I have three variations of this, though I pretty much always grill.
Oven version
1 pork tenderloin, approximately 1 ¼ lb.
Generously season with salt and pepper
Place in a 7×9 in. baking dish, and bake at 350 degrees for 35 minutes or until the internal temperature reaches 160 deg. Serve with flavored rice, and a salad.
Grilled version
1 pork tenderloin, approximately 1 ¼ lb.
Generously season with salt and pepper
Grill at high heat for 4-5 minutes per side.
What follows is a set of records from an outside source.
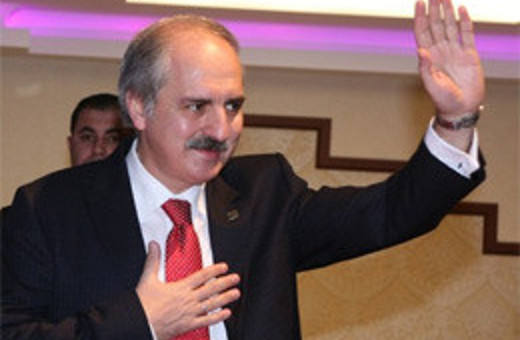 Numan Kurtulmuş elitlere çattı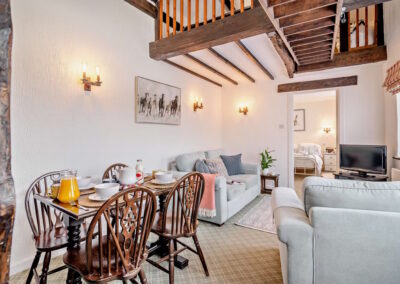 Stables Cottage Dunster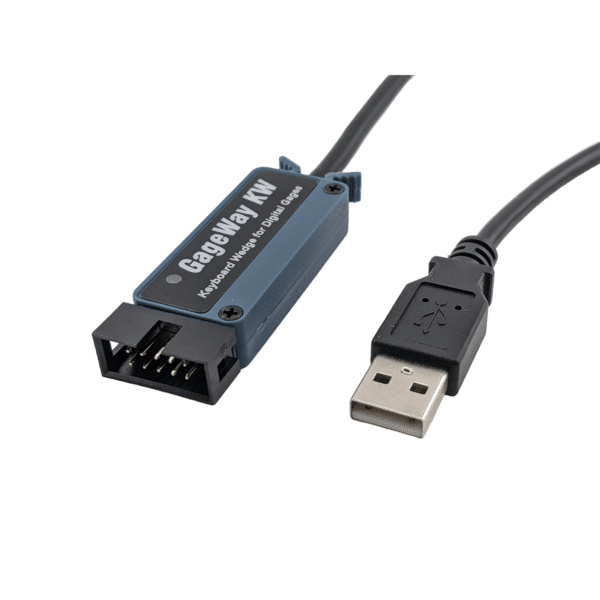 GageWay KW with Keyboard Output
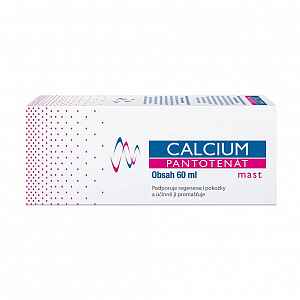 HBF Calcium panthotenát mast 60ml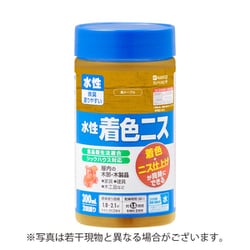 水性着色ニス 新メープル 300ML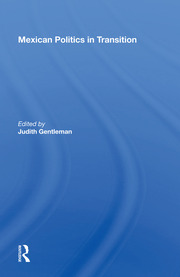 Mexican Politics In Transition book cover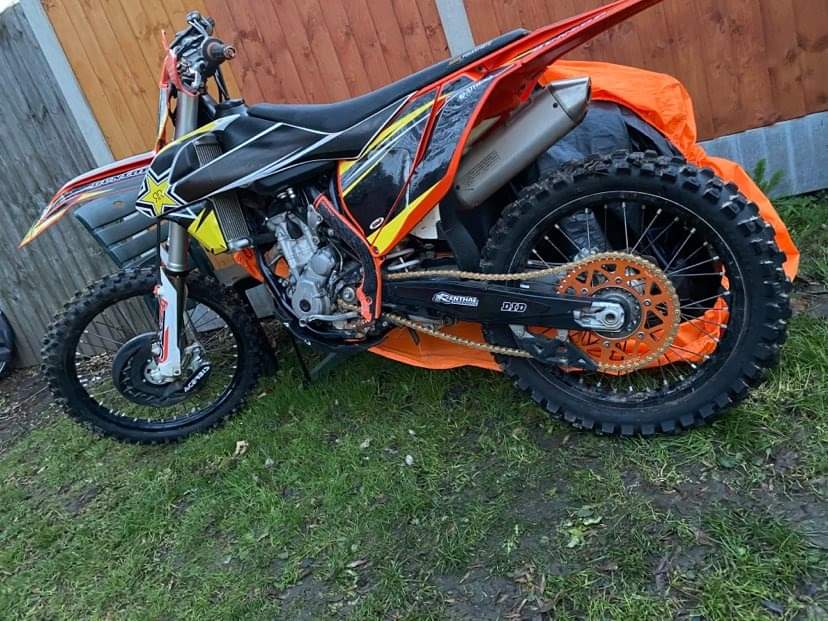 ktm 250cc 2020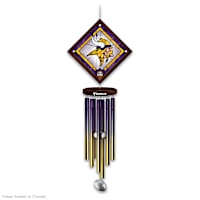 Minnesota Vikings Wind Chime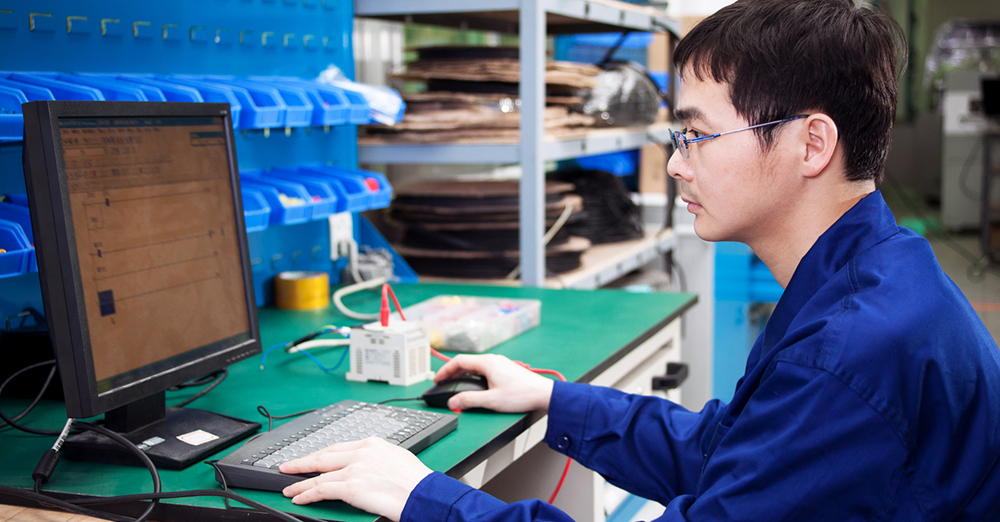plc software robots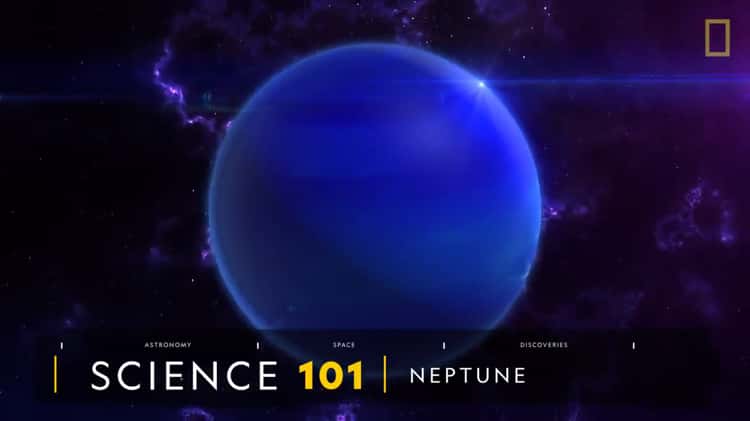 Neptune 101 National Geographic on Vimeo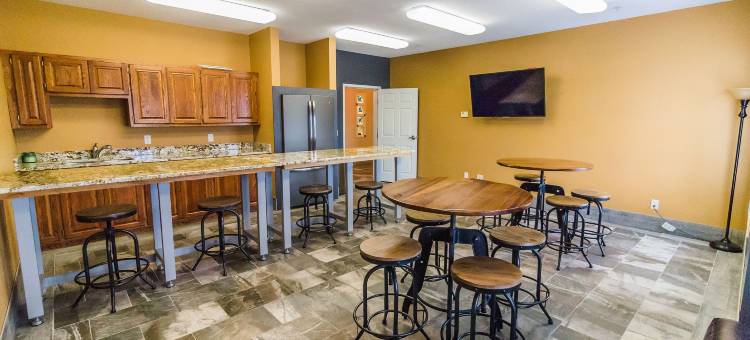 河畔山丘酒店(River Hills Hotel- Mankato)图片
Turn ¼ turn after every 4 minutes to grill all 4 sides. Cook until a meat thermometer inserted into the center of the meat reads 160 deg. F. Serve with frozen sweet potato fries and a quick Caesar salad.
Karen’s version
Karen’s method is more elegant and fit for company. Grandma Myrna made this recipe for us after she visited Karen.
1 pork tenderloin, approximately 1 ¼ lb.
¾ cup pure maple syrup
2 tablespoons chili sauce
2 tablespoons soy sauce
1 tablespoon unsweetened frozen orange juice concentrate, thawed
1 tablespoon Dijon mustard
1 tablespoon Worcestershire sauce
1 tablespoon curry powder
1 teaspoon minced garlic
(Karen’s note recommends doubling the sauce)
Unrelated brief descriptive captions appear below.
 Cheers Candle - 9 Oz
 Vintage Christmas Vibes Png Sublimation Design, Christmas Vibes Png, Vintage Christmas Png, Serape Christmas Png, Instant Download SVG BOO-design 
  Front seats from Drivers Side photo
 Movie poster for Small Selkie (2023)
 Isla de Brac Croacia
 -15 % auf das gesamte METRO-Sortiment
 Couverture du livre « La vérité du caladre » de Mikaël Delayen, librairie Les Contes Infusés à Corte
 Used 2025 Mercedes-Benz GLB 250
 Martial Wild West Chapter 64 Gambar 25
Place the pork in an 7×11 in. baking dish. Mix remaining ingredients in a small bowl and pour over the pork. Bake at 350 degrees for 35-40 minutes, or until the internal temperature reaches 160 degrees. Serve with sweet potatoes and drizzle the maple syrup sauce over both the pork and the potatoes. Serve with a salad or green beans.